▸ Ops Agent System Card · v1.0
The agent behind every dispatch decision.
Published under NIST AI RMF + OpenAI/Anthropic system-card conventions. Read this before integrating, auditing, or relying on agent outputs for consequential decisions.
▸ At a glance
- Quote accuracy
- 90%
- Within NTE bands, rolling 30-day window.
- NTE variance
- ±9%
- Quoted vs. settled, across dispatched work-orders.
- Human override
- 3%
- Targeted ceiling; every override is logged.
- Escalation gate
- < 70% → human
- Low-confidence outputs leave autonomy and enter a human queue.
▸ Card sections
Intended use
Dispatch work-order intake, NTE quoting, contractor routing, talent application scoring, and security scan initiation across US commercial field-service accounts. Operated by the platform under human ownership.
Out-of-scope
Defense contracting, export-controlled technologies (ITAR), high-risk medical decisions, financial instrument advice, child-directed services, or any use-case in the EU AI Act prohibited list.
Training & tuning data
Base models are proprietary frontier LLMs (Anthropic, OpenAI, Google) accessed via API. SteadyWrk does not train foundation models. Contextual data for routing comes from our own operational history plus public reference corpora.
Eval methodology
Rolling 30-day window across 8 evals (see /evals). Each eval reports Wilson score CI + bootstrap 95%. Ground truth is contractor outcome and payment disposition. Drift monitored weekly.
Capability limits
Quote accuracy ~90% within NTE bands. Routing confidence correlates with data completeness. Agent defers to human operator when confidence < 70% (QANAT rule 4).
Safety mitigations
Claims-based authorization. Zod schema validation on all inputs. Upstash rate-limits. Fingerprint tracking for anomalous request patterns. Kill switch via feature flag at the edge.
Failure modes
Known: overlapping NTE bands produce ambiguous routing; new accounts without historical data route conservatively; PDF parse errors on non-standard work-order formats fall back to manual review.
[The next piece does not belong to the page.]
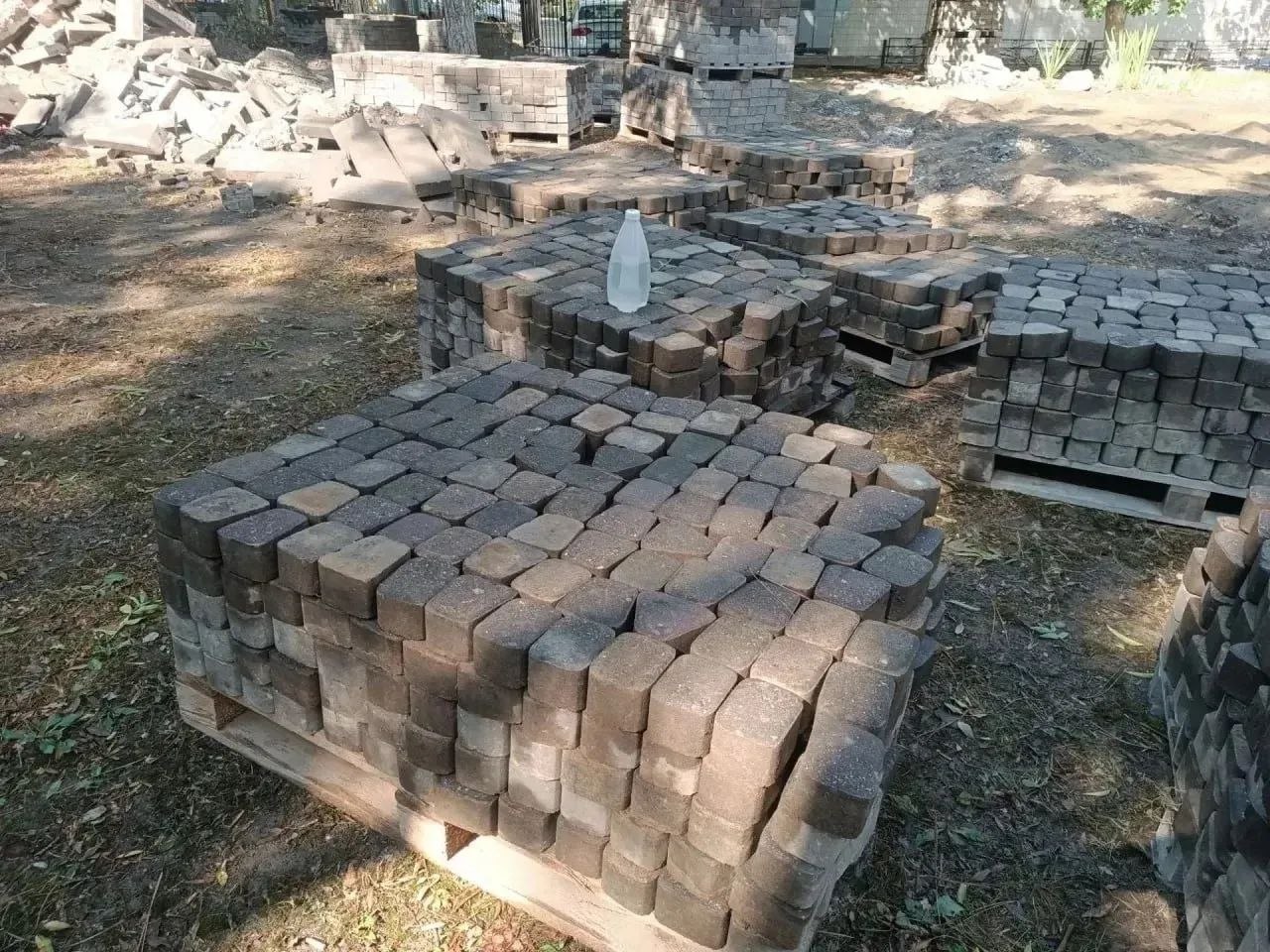 В центре Новороссийска меняют хорошую плитку на новую. В чем смысл?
Escalation & human oversight
Confidence < 70% → human queue. Override rate < 3% targeted. All decisions emit audit event; append-only log with 7-year retention (QANAT rule 5).
▸ FAQ
Questions integrators ask.
Who operates the agent, and who owns its decisions?
The agent is operated by the platform under human ownership. It routes work, quotes within bounds, and scores applications; consequential calls remain accountable to a human operator, and every decision emits an audit event.
When does the agent stop and ask a human?
When confidence drops below 70%, the output leaves autonomous handling and enters a human review queue. New accounts without history route conservatively, and non-standard documents fall back to manual review.
What models power it, and do you train your own?
It runs on proprietary frontier LLMs from Anthropic, OpenAI, and Google accessed via API. STEADYWRK does not train foundation models; routing context comes from our own operational history plus public reference corpora.
How are the published numbers verified?
Evals run on a rolling 30-day window. Each reports a Wilson score confidence interval and a bootstrap 95% interval, with contractor outcome and payment disposition as ground truth. Drift is monitored weekly and surfaced on the public evals page.
What are the known failure modes?
Overlapping NTE bands can produce ambiguous routing, accounts without historical data route conservatively, and non-standard work-order formats can trip PDF parsing. Each of these degrades to manual review rather than a wrong autonomous action.
What standard does this card follow?
It is published under the NIST AI Risk Management Framework and the system-card conventions established by OpenAI and Anthropic, covering intended use, limits, mitigations, failure modes, and human oversight.